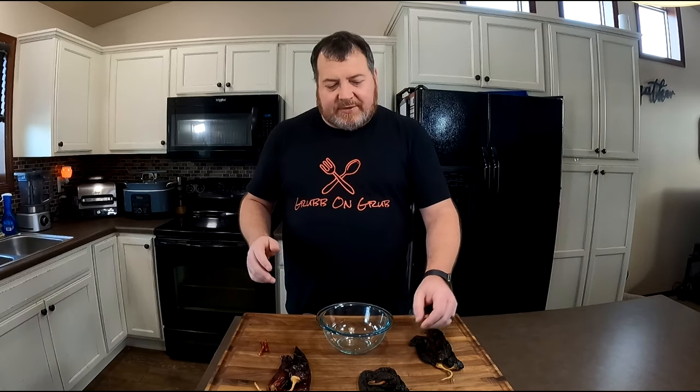We're going to start today with our mild chili, and that's a pasilla. These things are awesome — almost have a chocolatey note smell to them. It's a pretty great chili. Now we're moving up in heat level, going to a mild to medium heat with some anchos. Great smell, great flavor in these. That's our mild to medium chili.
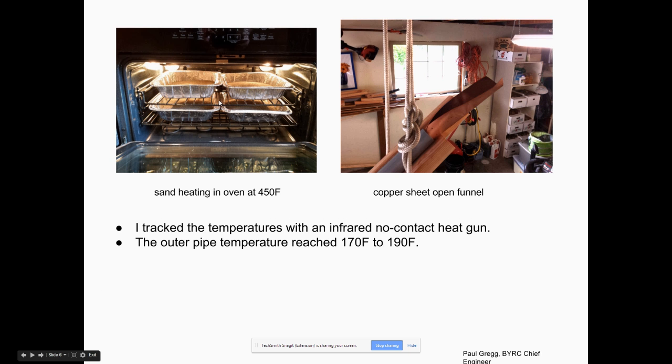I got some cookie sheets from a thrift store. You want your sand about an inch thick so it heats up evenly. I never ran my oven more than 450 degrees. If you were using schedule 80 pipe — a thicker pipe — you'd probably want higher temperatures, but that might be hard on your oven.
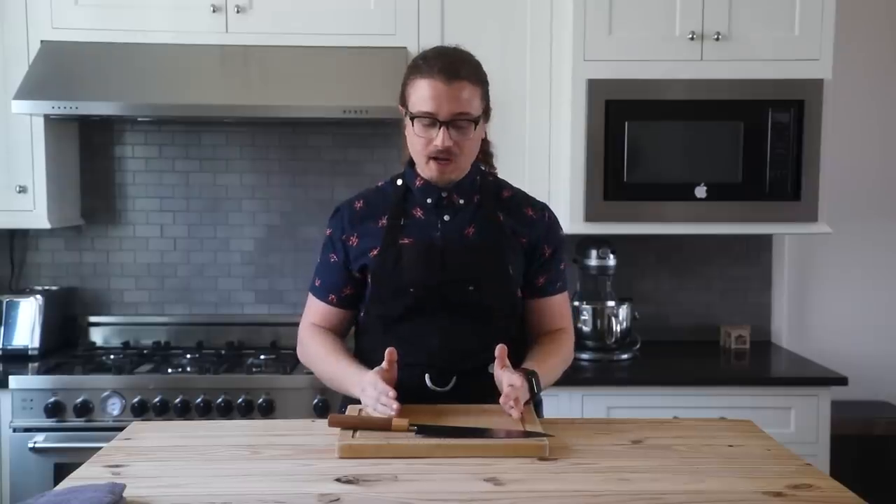Okay, so Crunchwrap Supreme. Shockingly easy. You put it in a tortilla bowl with a tostada, slap it together, a little bit goes in the pan, and once the cheese is melted it's good to go.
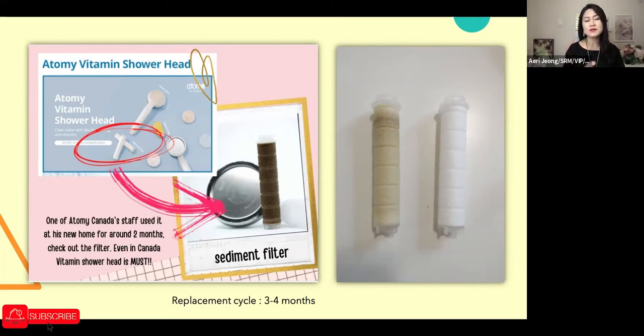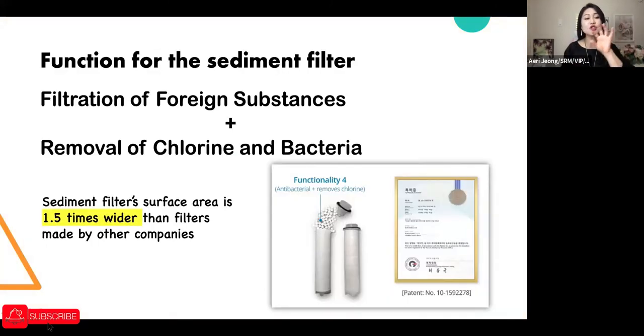Honestly, I purchased it because whenever Atomy Korea introduces a new product I want to try it so I can share my experience. I assumed Canada's water was clean and the filter would stay white — but watching the color change to yellowish and darker convinced me this is a great product. I wasn't paying attention to shower water quality before, only drinking water. This is now a great option for people with skin or hair issues.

◆ **TRY IT**:
The required output is every line from the beginning of the material above through the line with "I got some cookie", exact and without pictures.

◆ **RESULT FOR THIS EXERCISE**:
We're going to start today with our mild chili, and that's a pasilla. These things are awesome — almost have a chocolatey note smell to them. It's a pretty great chili. Now we're moving up in heat level, going to a mild to medium heat with some anchos. Great smell, great flavor in these. That's our mild to medium chili.
I got some cookie sheets from a thrift store. You want your sand about an inch thick so it heats up evenly. I never ran my oven more than 450 degrees. If you were using schedule 80 pipe — a thicker pipe — you'd probably want higher temperatures, but that might be hard on your oven.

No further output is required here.